Shahinur has a team of 46 nurses and five doctors at the Hospice for providing services in exchange for payment and for free as well, depending on the financial condition of the service seeker. Annually, they support 1,500 patients in Dhaka.
One major issue that nurses confront while giving services at home is that they are quickly relegated to the status of a helping hand.
Still, the profession could be rewarding, said Shikha Haldar, a nurse working with the Hospice for five years, while recounting days when she felt a close association with her patient. A 65-year-old woman, completely paralysed, is now dependent on her for the fourth year following a heart attack.
"Pain of the patient is what I feel sad about the most," Shikha said.
Wave of change
To acknowledge the contribution of nurses such as Shikha, a Bangladeshi-born US immigrant Rifat Akhter introduced a programme in 2017 to award nurses. Several sponsors from home and abroad joined her effort and expanded it to include fellowships for doctors this year.

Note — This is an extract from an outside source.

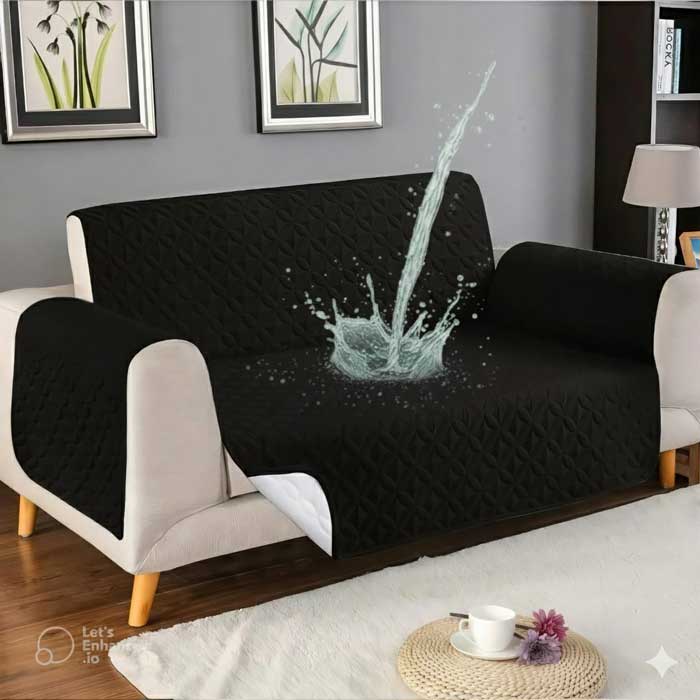 Black Waterproof Sofa Cover 4 Layer Quilted Anti Slip Sofa Cover Price in Pakistan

Under the fellowship programme, the doctors will receive training in India.
Rifat says that she was motivated by Shikha's support in her toughest ever episode in life caring for her mother in death bed in 2016. Back in the US, she has joined groups of volunteers to provide care to critically ill patients after training.
This is an example as to how people of every stratum can get and provide support, as Nezamuddin says, "Quality of end of life matters."
The government should incorporate palliative care into the health policy, which would then create the scope of collaboration with private partners to make it cost-effective and widely accessible.
Moreover, essential pain-relieving drugs such as morphine have to be available and subsidized.
Little support from all sides would make the changes happen in the healthcare system and that is necessary, maybe, for all of us.
"Cost is not a matter of concern here because it [palliative care] is high touch, low technology discipline," Nezamuddin said.
While a dearth of manpower and resources causes many to live a crippled life until death in this country, palliative care is even more necessary. But the matter is not getting the attention it deserves because sufferings of these people remain hidden.